Browse the Connecticut Women of the United Church of Christ records
The Council of Congregational Women of Connecticut was organized on October 2, 1928, in a meeting at Center Church in Hartford, Connecticut. On December 31, 1926, the American Board of Commissioners for Foreign Missions and the Women’s Board of Missions had merged. Congregational women across the country were reorganizing themselves as a result of this merger, and in Connecticut this reorganization took the form of the Council of Congregational Women of Connecticut. The Council itself represented a merger of four former organizations: the Women’s Congregational Home Missionary Union of Connecticut, and three branches of the Women’s Board of Missions in New Haven, Hartford, and Eastern Connecticut.

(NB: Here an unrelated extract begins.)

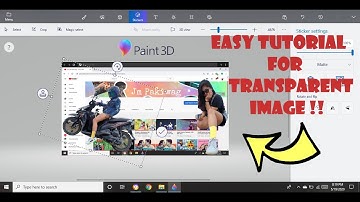How to make transparent background in paint 3D | Magic select | Windows 10 2020 ( Easy tutorial )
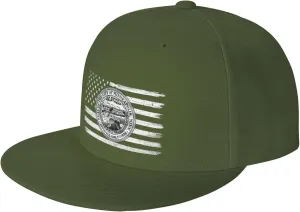 US and Minneapolis Seal Snapback Hat for Men Women Baseball Cap Adjustable Flat Bill Brim Hats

The women’s organization has changed names numerous times over the course of its history. On April 22, 1936, the organization became the Council of Congregational-Christian Women of Connecticut. On April 23, 1947, it became the Fellowship of Congregational-Christian Women of Connecticut. The organization changed names again on April 19, 1950, becoming the Connecticut Fellowship of Congregational-Christian Women. When in 1964 the Connecticut State Conference changed its name to the Connecticut Conference of the United Church of Christ, the women’s organization followed suit and revised its name once again, becoming on October 6, 1964, the Women’s Fellowship of the Connecticut Conference of the United Church of Christ. On May 13, 1997, the organization adopted a name that would better reflect the combination of lay and clergy women in the organization: the Connecticut Women of the United Church of Christ. Finally, on January 1, 2020, when the Connecticut Conference joined the Southern New England Conference United Church of Christ, the women’s organization adopted the name that it uses today, Southern New England United Church of Christ Women’s Connection.
From the time of the organization’s founding in 1928, it divided itself into districts representing four geographical regions in Connecticut: the Eastern district, the Hartford district, the Litchfield district, and a fourth district called the New Haven district until 1973 when its name was changed to the Southwestern district. A set of elected officers have led the organization, and it has also executed its administrative and programming functions by means of a variety of sub-committees. To communicate with and guide its members, the group has maintained an active program of writing, editing, and publishing a range of publications: reading lists; various guidebooks for program planning, worship, study, service, and leadership; several newsletters; and booklets to facilitate and document annual meetings.
The group has held regular state-wide and district meetings for administrative and organizational purposes. It has also planned a range of programs providing opportunities for its members to worship, study, and participate in service together. These include leadership training conferences, quiet days, retreats, workshops, trips, and service programs. In the organization’s early decades, it maintained a lending library for its members. In 1955, the organization supported efforts to assist churches in the Housatonic Valley flooded by Hurricane Diane. In 1987, it joined the United Church of Christ boycott of California table grapes.
The organization’s records document the changing roles of women in the church and society and their efforts to recognize women as equal church members and leaders. The records of the Task Force on the Status of Women in Church and Society, the Advisory Commission on Women, the Committee on Women’s Concerns, and the Coordinating Center for Women in Church and Society document the organization’s efforts to redefine women's roles in the church in the wake of women's changing roles in society in the 1960s, 1970s, and early 1980s. The organization's Honored Laywomen Award, starting in the 1990s, recognized lay women leaders, and the Pioneer Women Clergy event of 2016 recognized early women clergy members. In 2012, the group drafted the Resolution on Women as Equal Partners in Church and Society, a document affirming their support of women as equals.
The organization continues today to provide opportunities for regional women to join together in worship, study, and service.